BEGIN Input records
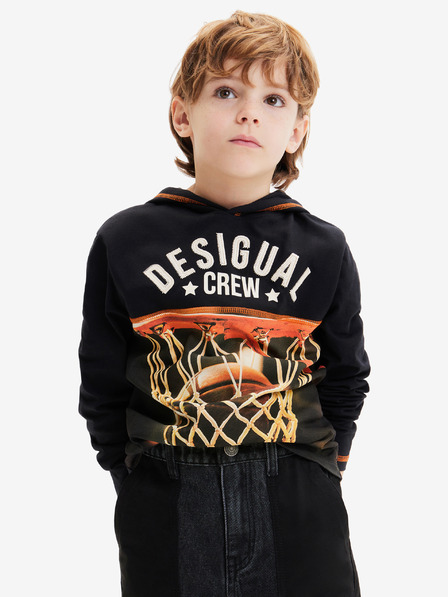 Desigual Črna fantovska jopa s kapuco Desigual Jordan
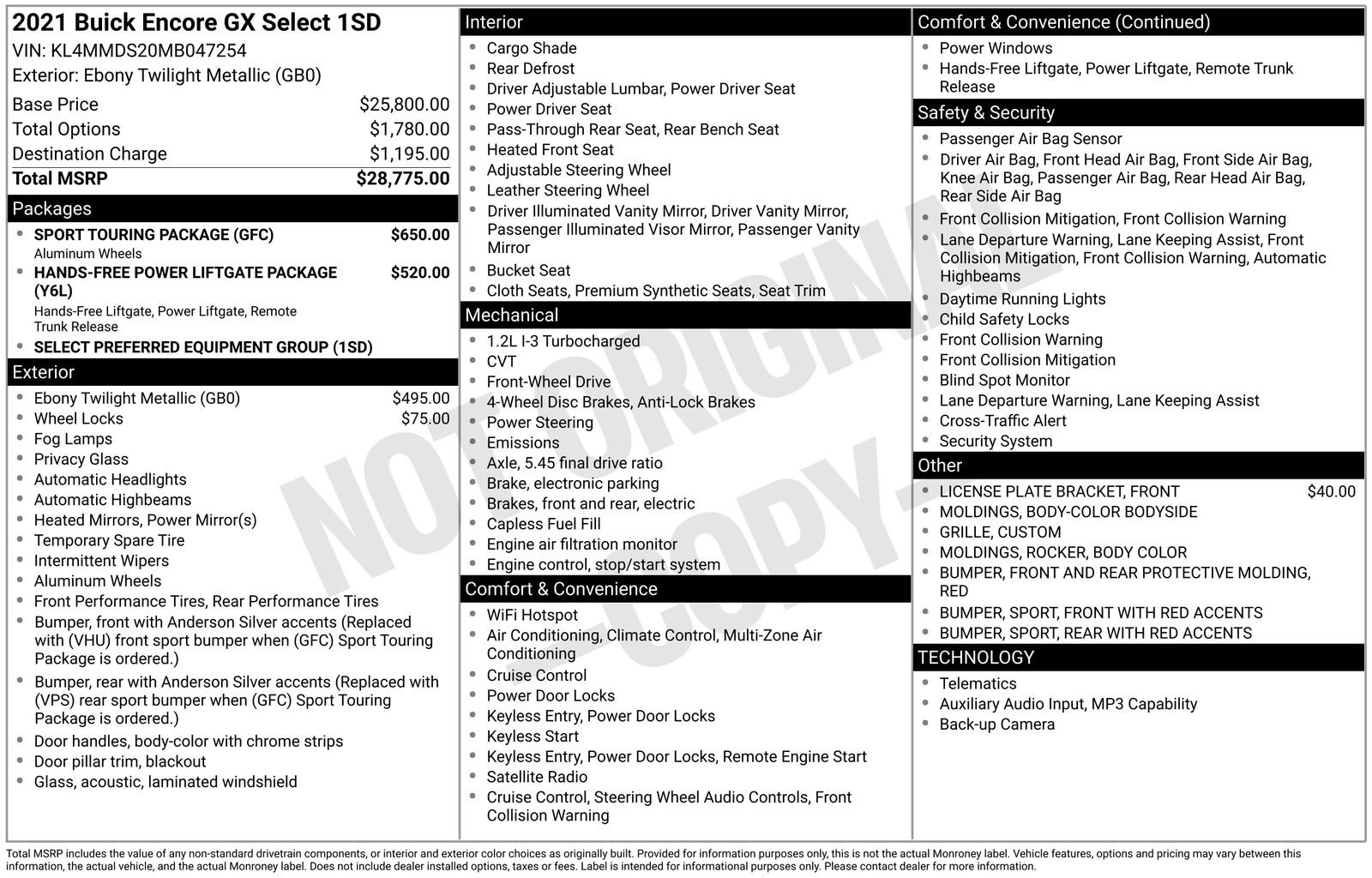 Used 2021 Buick Encore GX Select w/ Sport Touring Package FWD image 6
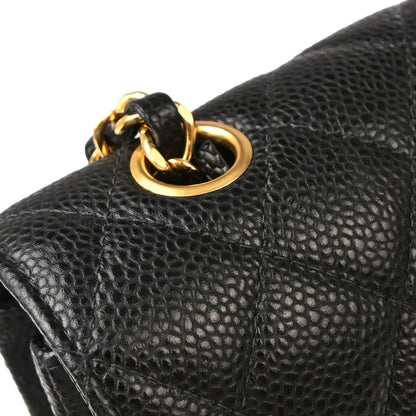 Chanel 2003-2004 Black Calfskin Small Classic Double Flap Shoulder Bag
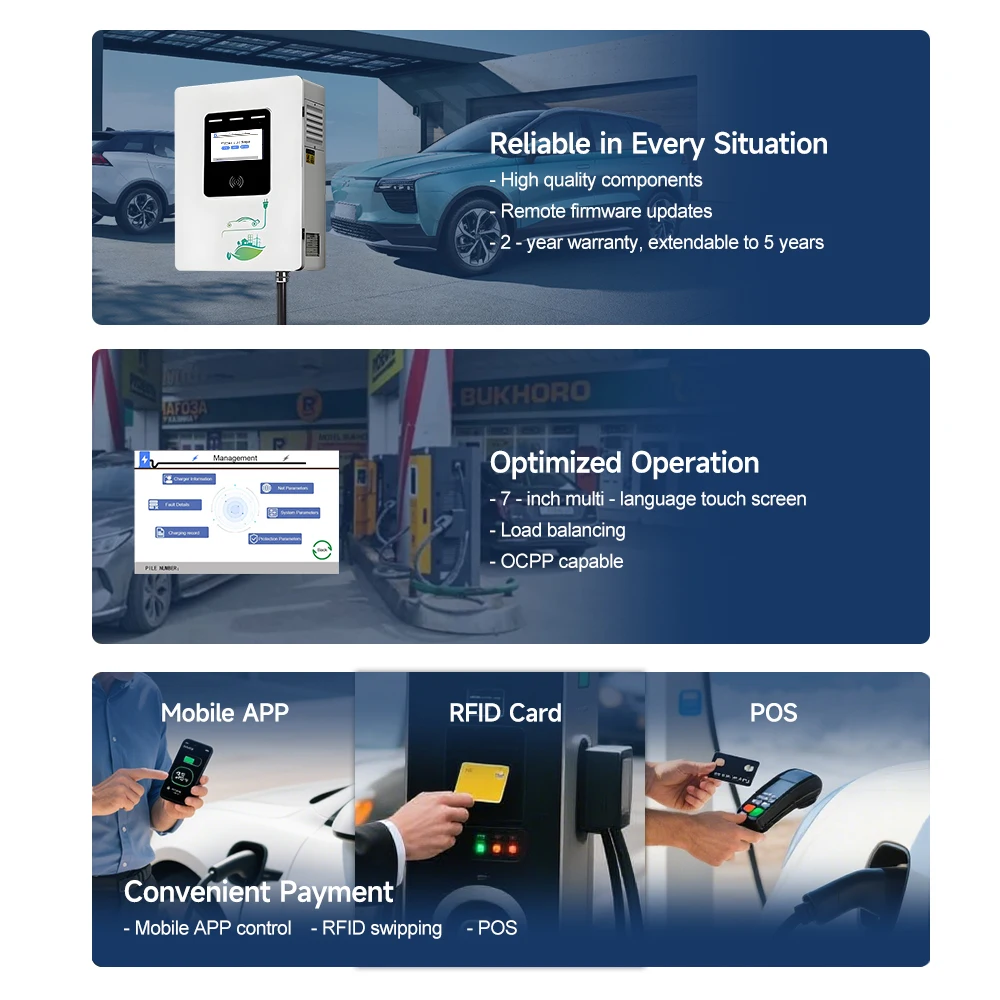 EONDRIVE New 20-40KW EV DC Fast Charging Station IP54 OCPP1.6 Multi-Protocol Card/APP Payment Wall-Mounted for Commercial Home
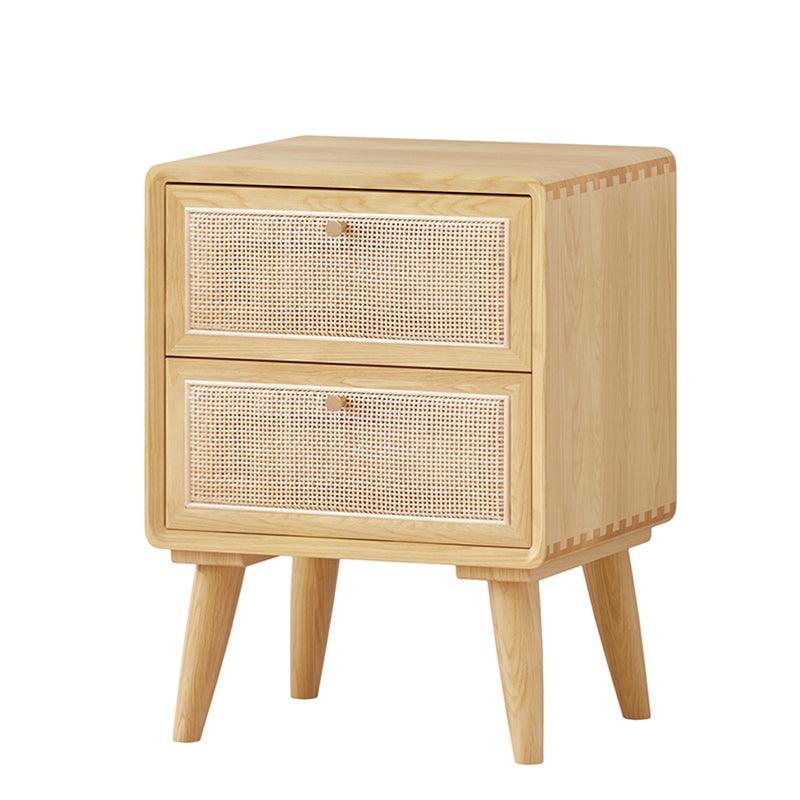 Wicker & Rattan Modern Night Table Solid Wood 2-Drawer Storage 22 Inch H Nightstand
END Input records
Goal of the exercise >> Return the lines exactly, from the one containing "EONDRIVE New 20-40KW" through the last line above, including both ends and excluding every picture.

Answer to the problem >>
 EONDRIVE New 20-40KW EV DC Fast Charging Station IP54 OCPP1.6 Multi-Protocol Card/APP Payment Wall-Mounted for Commercial Home
 Wicker & Rattan Modern Night Table Solid Wood 2-Drawer Storage 22 Inch H Nightstand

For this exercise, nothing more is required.